• Aim of the task:
Leaving out every picture, copy the lines of the material below exactly, from the line containing "Item preview, Blue" through the line containing "Convenience Concepts Xtra".

• Data section:
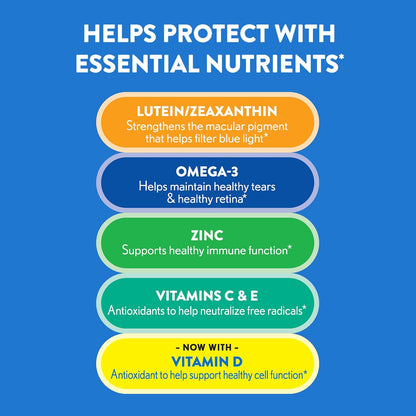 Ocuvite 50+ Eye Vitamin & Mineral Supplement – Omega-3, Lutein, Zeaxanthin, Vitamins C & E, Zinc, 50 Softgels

==

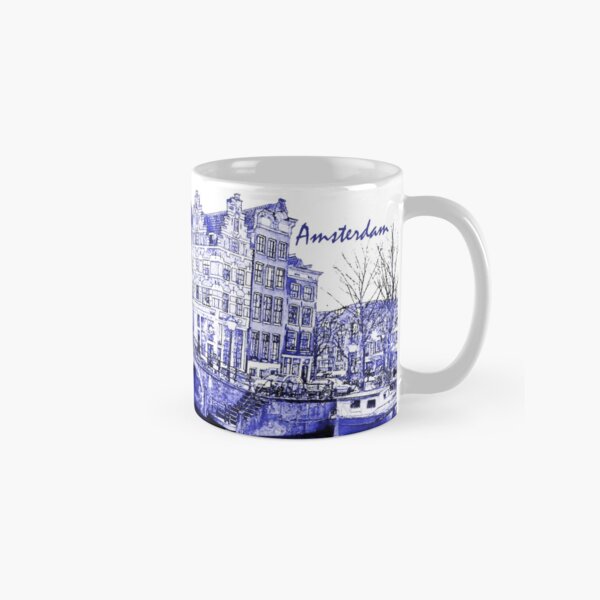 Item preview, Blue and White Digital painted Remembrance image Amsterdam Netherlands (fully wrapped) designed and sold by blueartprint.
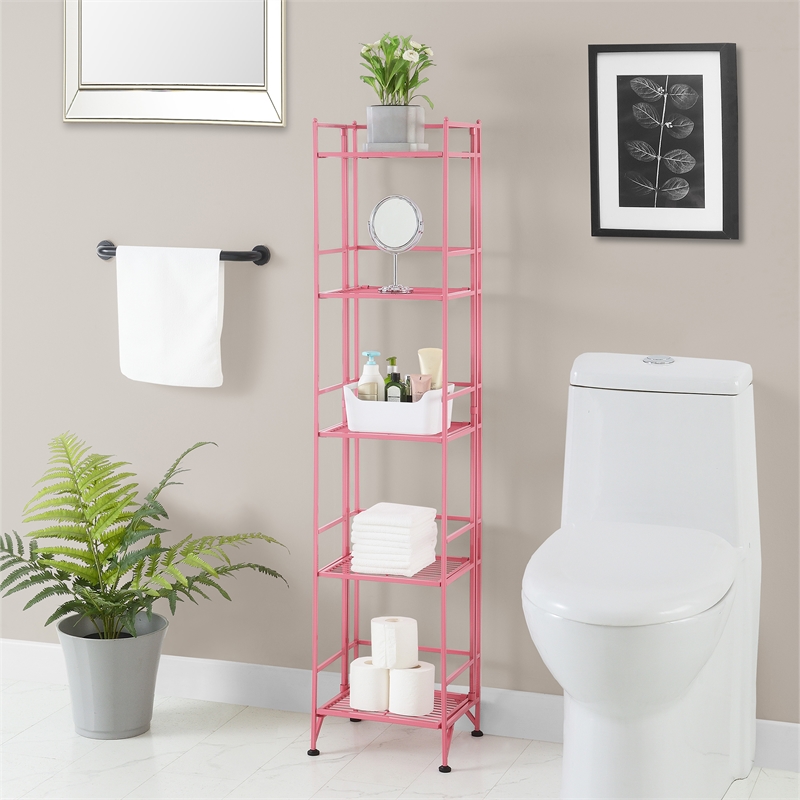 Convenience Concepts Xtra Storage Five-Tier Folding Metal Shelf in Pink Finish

• Written response:
 Item preview, Blue and White Digital painted Remembrance image Amsterdam Netherlands (fully wrapped) designed and sold by blueartprint.
 Convenience Concepts Xtra Storage Five-Tier Folding Metal Shelf in Pink Finish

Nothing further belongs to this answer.